Then I thought about all the others artists of all varieties who came before me who failed, or didn’t succeed, at their first attempts either. I once read an amazing Walt Disney biography and learned that many of his business ventures struggled or downright failed in the beginning, but he was not known for his shortcomings or for quitting. He was known for getting back up and trying again in spite of his many unsuccessful attempts (if you’re interested, that biography was Walt Disney: An American Original by Bob Thomas. I really enjoyed it and recommend it to anyone).

Not that I’m comparing myself to Walt Disney by a longshot. But who could we be if we tried just one more time? What empire could we build if we got back up on our feet and were proud of our failed attempts? There’s more shame to be had in not trying than in trying and failing, even failing repeatedly. Failing is simply proof of one's ability to endure and never accept the word “no.” And after all, everyone has to start somewhere.

Like I said before, I still struggle, especially lately, with accepting my hard work and telling myself that I did well. I constantly compare my success to the standard definition of success. In other words, if the world doesn't declare my work amazing, then it must not be, and I shouldn't pat myself on the back.

I advocate firmly for the self-publishing industry. I do believe, however, that if you want to set yourself apart as a self-published author, you have to go above and beyond to do that. Because anyone can self-publish anything, you have to do more than just publish a "good book." The truth is, to be considered successful by industry standards, a self-published book has to earn steady royalties. It has to earn hundreds of good reviews. It has to land itself on bestseller lists. It has to be able to stand up to the traditionally published book and hold its own. If you want to make a career out of publishing books, it's not enough to just publish the thing and have your friends and family read it. You have to treat it as seriously as you would treat a small business, because that's what self-publishing is.

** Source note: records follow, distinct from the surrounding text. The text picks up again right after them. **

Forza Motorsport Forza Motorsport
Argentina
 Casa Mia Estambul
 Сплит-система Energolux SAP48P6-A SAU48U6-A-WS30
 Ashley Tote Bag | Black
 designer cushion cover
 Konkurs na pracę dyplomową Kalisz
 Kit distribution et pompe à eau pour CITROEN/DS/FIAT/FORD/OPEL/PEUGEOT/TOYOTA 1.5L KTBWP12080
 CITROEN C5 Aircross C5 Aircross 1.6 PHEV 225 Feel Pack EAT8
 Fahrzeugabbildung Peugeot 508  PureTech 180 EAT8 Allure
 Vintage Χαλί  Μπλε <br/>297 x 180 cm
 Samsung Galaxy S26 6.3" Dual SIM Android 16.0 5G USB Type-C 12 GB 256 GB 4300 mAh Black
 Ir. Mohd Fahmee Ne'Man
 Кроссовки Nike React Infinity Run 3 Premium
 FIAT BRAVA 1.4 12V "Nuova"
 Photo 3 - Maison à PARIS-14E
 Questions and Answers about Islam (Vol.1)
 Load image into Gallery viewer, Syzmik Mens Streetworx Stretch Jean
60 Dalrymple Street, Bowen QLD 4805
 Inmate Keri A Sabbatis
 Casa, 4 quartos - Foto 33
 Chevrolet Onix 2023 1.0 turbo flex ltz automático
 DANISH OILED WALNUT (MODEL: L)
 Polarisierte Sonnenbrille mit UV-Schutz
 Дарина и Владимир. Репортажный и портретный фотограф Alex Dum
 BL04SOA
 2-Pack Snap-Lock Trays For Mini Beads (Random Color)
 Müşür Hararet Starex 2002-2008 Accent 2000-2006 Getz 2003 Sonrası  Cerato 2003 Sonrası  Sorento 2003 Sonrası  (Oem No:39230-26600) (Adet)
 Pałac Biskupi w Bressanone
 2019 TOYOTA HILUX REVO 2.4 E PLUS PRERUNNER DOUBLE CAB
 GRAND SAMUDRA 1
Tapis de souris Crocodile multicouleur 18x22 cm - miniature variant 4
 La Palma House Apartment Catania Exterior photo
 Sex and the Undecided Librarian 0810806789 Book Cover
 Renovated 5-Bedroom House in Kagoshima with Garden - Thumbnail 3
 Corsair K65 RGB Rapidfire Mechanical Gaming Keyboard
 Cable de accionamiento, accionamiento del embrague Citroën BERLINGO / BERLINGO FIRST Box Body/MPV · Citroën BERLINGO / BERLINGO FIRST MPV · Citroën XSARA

This is what I wish people understood when they ask me when the next book will be published, but that's a whole other beast unto itself. And it's the very reason why I struggle to pat myself on the back, because yes, I did publish a book and it wasn't bad, but that's all it was. In the end, a book that "isn't bad" isn't going to cut it.

And also in the end, in spite of all this, I know I owe my readers an apology.

So here it goes.

Deep breath.

To all the people who believed in me and who asked me when the next book would come out, to those who have been waiting a few years for more, to those who aren’t pained perfectionists like me: I’m sorry. I owe something to you. It won’t be tomorrow. It won’t be for a while, I’m sure. But it’s at the back of my mind and someday I will finish what I started. It’s time to let the world know that I tried instead of hiding it. And I’m going to try again and again and again, even as I sit here still fearing that it won't be good enough. I will try in spite of that.

So allow me to clear my throat and introduce myself: “My name is Christina, and I self-published a book that I wasn’t super proud of.”

There. I said it.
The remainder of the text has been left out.